One thing stands out above everything else. A winning high school football coach is the most powerful person in the school system. I know educators and administrators who'll disagree with me, but empirical evidence says otherwise.

Coaches, by themselves, are pretty powerful people in the school system anyway.

I wish I could tell you the best coaches were also the best people. Sometimes that happens. Sadly, that is not what I've seen most of the time. I point you to former UGA Coach Ray Goff. He is a great and wonderful man, but he ain't cut to be a SEC Head Coach. When my own grandmother said, "He's not mean enough," well yeah, Goff's time at Bulldawg Nation was absolutely limited.

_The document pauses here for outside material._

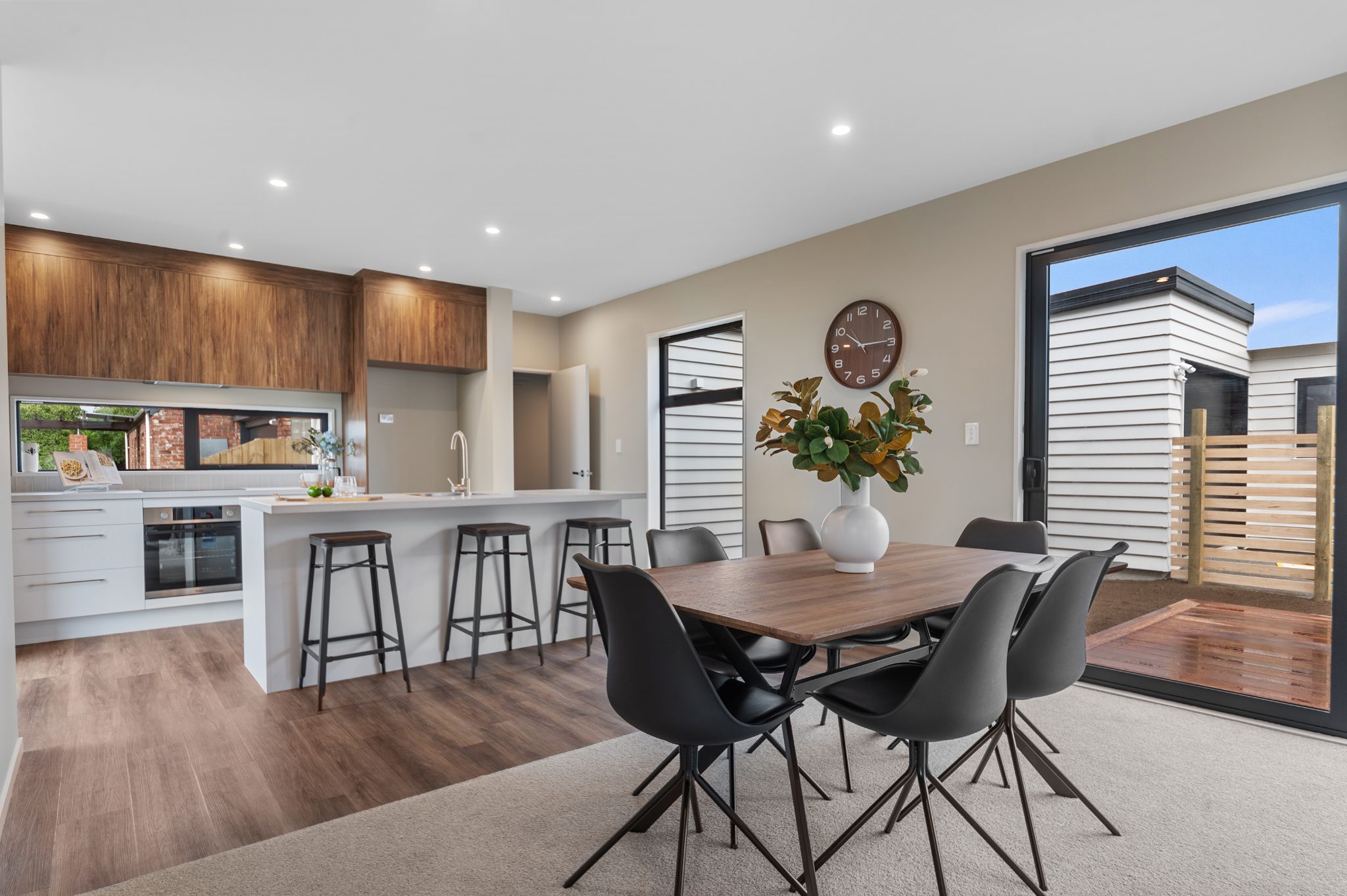 Modern, Low-Maintenance Living in Rolleston — slide 2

Now I point you to Joe Paterno and the scandal that rocked Penn State. As winning coach, he could, and apparently did, get away with a whole lot. Paterno was mean enough to be a head coach until age robbed him of his edge and he was winning fewer games. Argue what you will, I can point you to PLENTY of coaches who had winning teams and did things that got non-winning coaches fired. Steve Spurrier anyone?

I could also point you to a coach during my high school years. As this person is still alive, I'm not going into details, except to say he racked up plenty of wins, a state title and playoffs every year.

While I dunno what this coach's record is, I have to say based strictly on this news story, he sounds like the kind of coach every school needs. I also support him, I'd support any coach like this.

Suspending the entire team, even though at least one kid was an honor student, is admirable. It teaches teamwork. It teaches: United we stand. Divided we fall. This will massively annoy nonconformists, but this is also a football TEAM. Joint efforts. Pull together. A football team is not a place for individuals.

This coach is apparently more interested in building character and teaching students respect than winning games.

Yeah.

I've come across coaches like that. None had the guts to suspend the entire team. Most didn't have the guts to do much of anything except make the kids run a few extra laps.

In my time covering high schools across the nation, I've seen one football player quit in the middle of the game. Quit. Hit the sidelines, threw off his pads, jumped the fence and went into the stands. Didn't come back either.

I've seen one student athlete kicked off a team for his behaviors. Now there were probably a couple more over the years, but not very many. I've seen FAR more student athletes get away with behavior that, if done in a classroom, would have gotten them suspended from school and in a few cases, expelled.

I've only heard one coach ever say, in public, that conduct off the field had on-the-field consequences when the conduct was done outside of school and away from school activities.